Read’s experience with BOPs gave him insight into how different BOPs work, and instances of when this technology didn’t work as well as it could. In some cases, customers were crossing their fingers hoping that the BOPs would work, Read told Rigzone.
The 2010 Deepwater Horizon incident illustrated the fact that existing BOPs at that time were not strong enough to cut, shear and seal against a number of tools such as tubulars being run in a well, Roy Schilling, a consultant with BOP Technologies and currently president of Frontier Deepwater Solutions LLC, told Rizgone.
When the Deepwater Horizon incident occurred, most BOPs only produced a million pounds of shear force. This forced BOP manufacturers to increase the pounds per square inch (psi) capability from 1,500 psi up to 7,500 psi behind the piston. Today, new BOPs manufactured by GE and Cameron produce up to 2 million pounds, Schilling said. Work has been done to make blades and cutters more efficient. Despite these improvements, BOPs still can’t fully cut across everything that could be in a BOP during drilling and completion. This leaves the possibility of a blowout occurring.
Another example in which a BOP failed to shear pipe, Schilling said, was the 1979 blowout that occurred in Mexico’s Bay of Campeche. In that case, Petroleos Mexicanos’ attempt to close the BOP shear rams was thwarted by a drill collar that blocked the rams.
A 2013 well blowout that occurred at South Timbalier Block 22 in the Gulf of Mexico illustrates the dilemma that crews face: if they wait too long to push the button, the BOP won’t work, which can be deadly. But if they hit the button and the decision proves unnecessary, they’ve cost the company money. The crew on board jackup Hercules 265 (250 ‘MC), which was drilling a well at South Timbalier for Walter Oil & Gas, was blamed for not using a dense enough fluid to control natural gas from the well, and for reacting too slowly when the blowout began.
But making that decision in a chaotic environment isn’t easy. Alley believes the solution is not about better training, but better technology to help human workers.
“That’s the purpose behind our BOP design,” Alley stated. “A BOP that will shear and seal anything.”
Smaller Footprint, More Power Behind BOP Design
To address the shortcomings of existing BOP technologies, Read came up with a BOP design that has a smaller footprint, but more power behind it. The company has not yet tested the technology, but officials believe its design should offer more reliability in shearing pipe.
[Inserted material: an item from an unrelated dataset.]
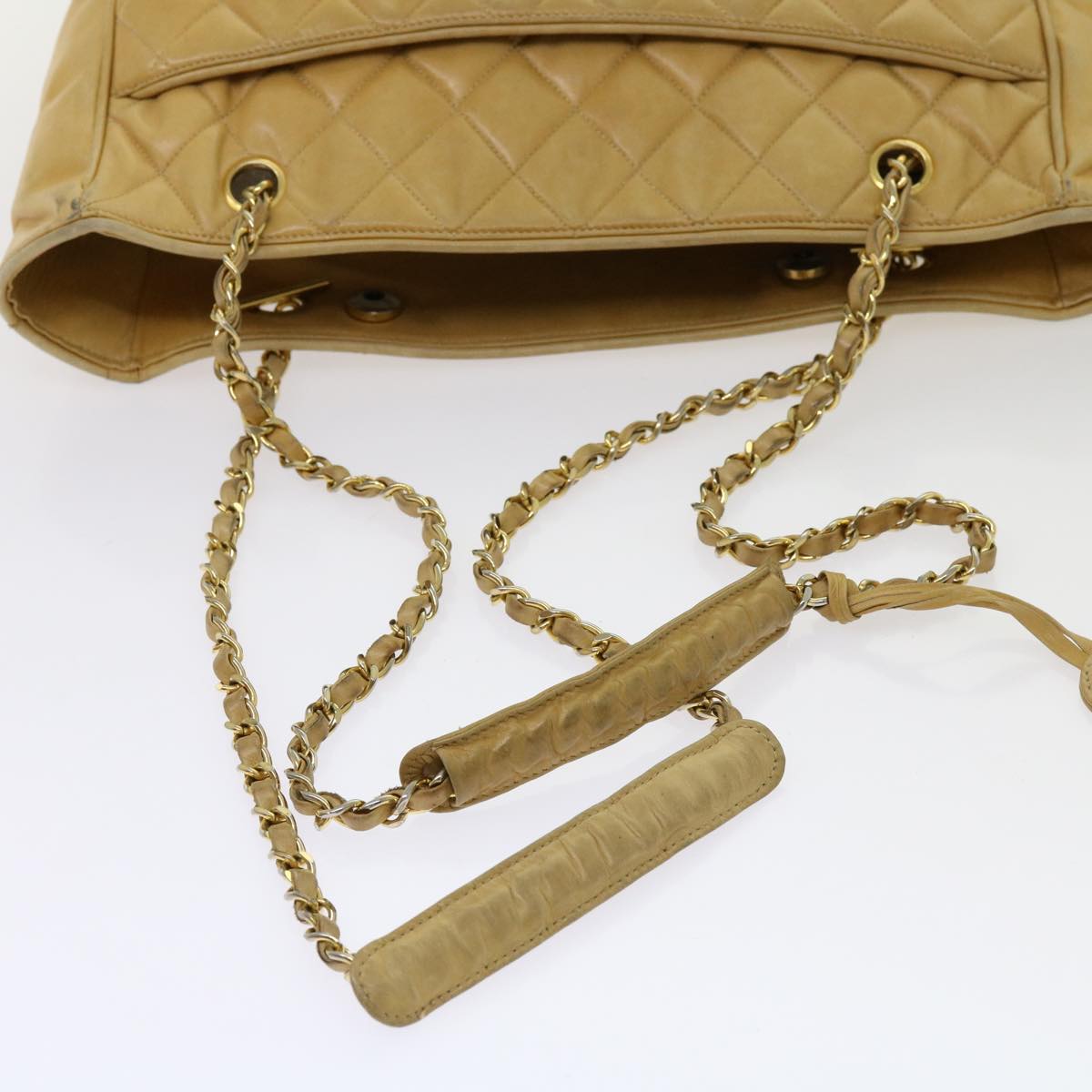 CHANEL Matelasse Chain Shoulder Bag Lamb Skin Beige CC Auth bs13044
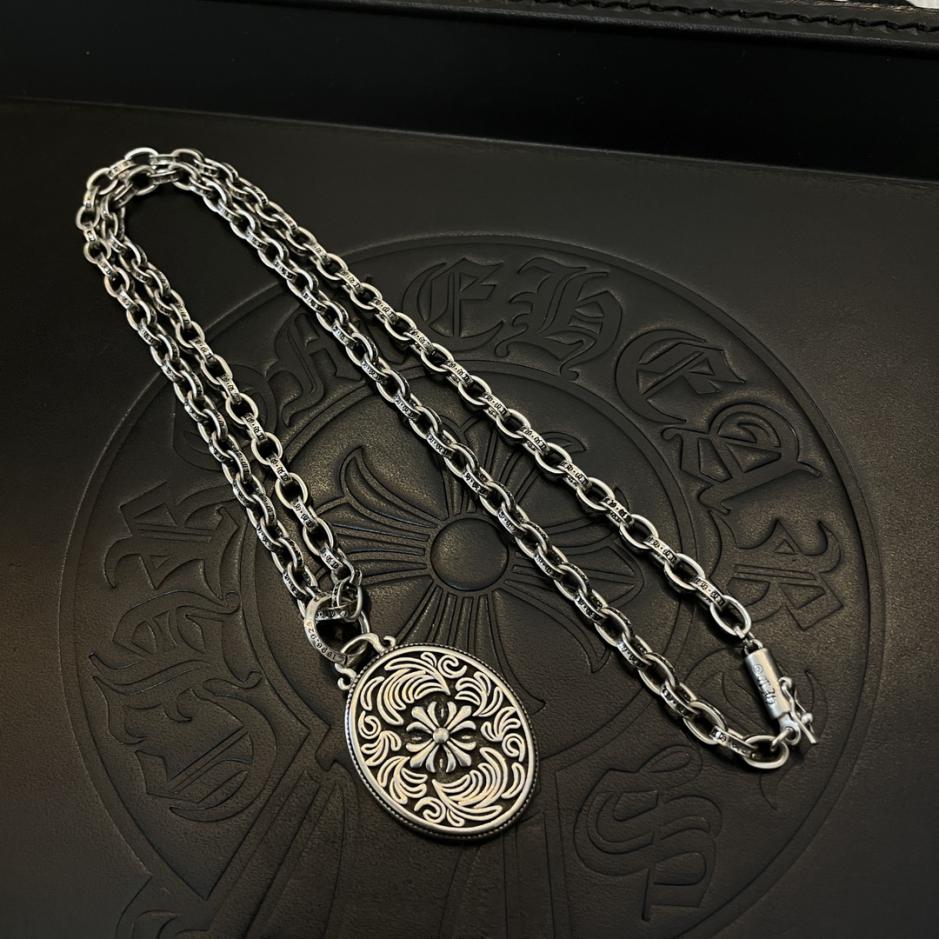 replica,repliche,fake,1:1,earrings,bracelet,ring,jewelry Collana con lettera vintage con cuori cromati replica,repliche,fake,1:1,earrings,bracelet,ring,jewelry Collana con lettera vintage con cuori cromati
BOP Technologies’ design, the CIRBOP [Circular Intensifier RAM Blow Out Preventer], allows power of more than 5 million pounds to the ram block, doubling the capacity offered by today’s conventional BOPs. The CIRBOP shearing BOP is designed around an integrated intensifier, onboard failsafe, and quick-change hydraulic and ram modules. It also features a closed internal hydraulic high-pressure loop and requires a lower range of input pressures. The BOP is also trash-friendly for harsher environments where sand blast materials, shavings and other trash can contaminate hydraulic fluid.
A conventional BOP has big doors that swing out and bonnets that slide out. Read’s design pulls everything together into a single piston that serves as an intensifier. Fluid intensifiers, or any pressure intensifiers, increase pressure by the ratio of two surface areas on a piston, Alley said.
“In our case, the large surface area on the bottom side of our big piston counts as one of the two surface areas in the ratio,” Alley commented. “The small surface area at the top of that same piston provides the second surface area in the ratio. So if the large surface area is 1,000 square inches and the small surface area is 100 square inches, then the resulting ratio is 10:1. This means that the lower pressure fluid could enter at 3,000 psi and the fluid pressure at the small surface area would be raised to 30,000 psi.”